Opening Stage - Mega Man X (SNES)
You press start at the title screen and expect to go to a stage select screen just as you would in the classic Mega Man series. Instead, you're teleported to a green highway, with a background that looks like the aftermath of a robot rebellion having it's way. This is not your father's Mega Man game. The music in Mega Man X has a heavy feel of rock going on and what better way to introduce you to a new style of Mega Man music than the first stage? Said stage also shows you a good chunk of the new gameplay mechanics.
The Shinobi - Revenge of Shinobi (Genesis)
Name one tune that Yuzo Koshiro wrote that was bad. Yeah, that's what I thought. You can't! There are no such things as bad Yuzo Koshiro tunes. Just songs that are more fantastic than others. If you need further proof how cool it is to be a ninja, just listen to The Shinobi. It's the perfect embodiment of what it means to be a ninja. Calm, collected, and stealthy. That and silting people's throats with Japanese swords.

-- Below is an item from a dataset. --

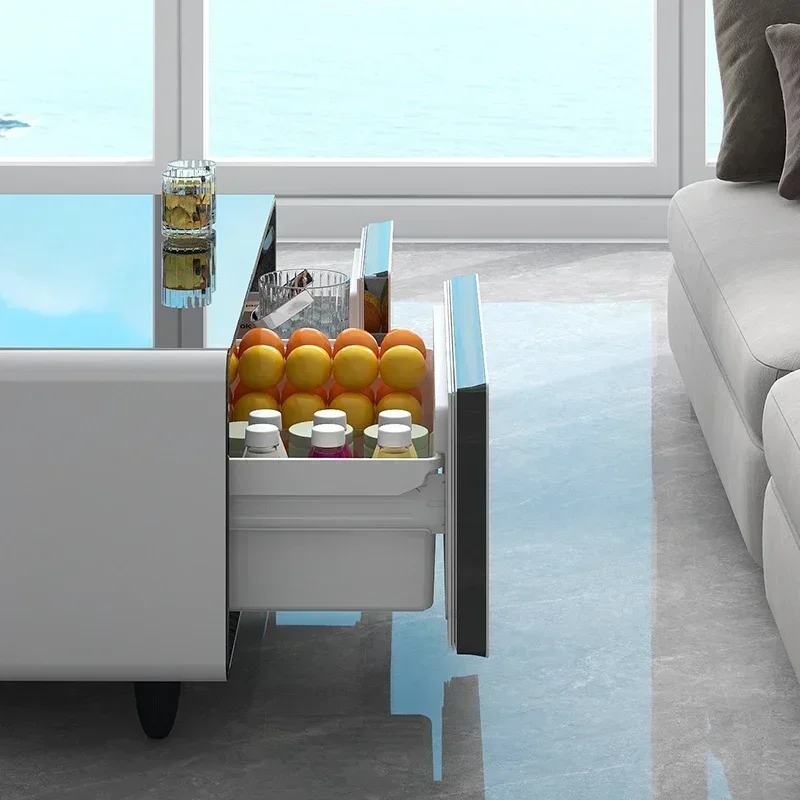 Multifunktionaler Smarter Couchtisch mit Integriertem Kühlschrank für Sommerliche Zusammenkünfte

Lakeside - Sparkster (SNES)
In 1994 two different teams developed two Sparkster games. One for the Genesis, the other for the SNES. The Genesis version was a direct sequel to the 1993 Genesis original, while the SNES game was a completely different beast. Both games use the same songs but like most Genesis and SNES games, the audio differences between the two is quite noticeable. While I like to steer clear of arguments of what games had better sound that were released on both platforms, I really do have to side with the SNES versions of Lakeside. It's a very heroic theme and in my personal opinion, I think it should be made the official theme of Sparkster.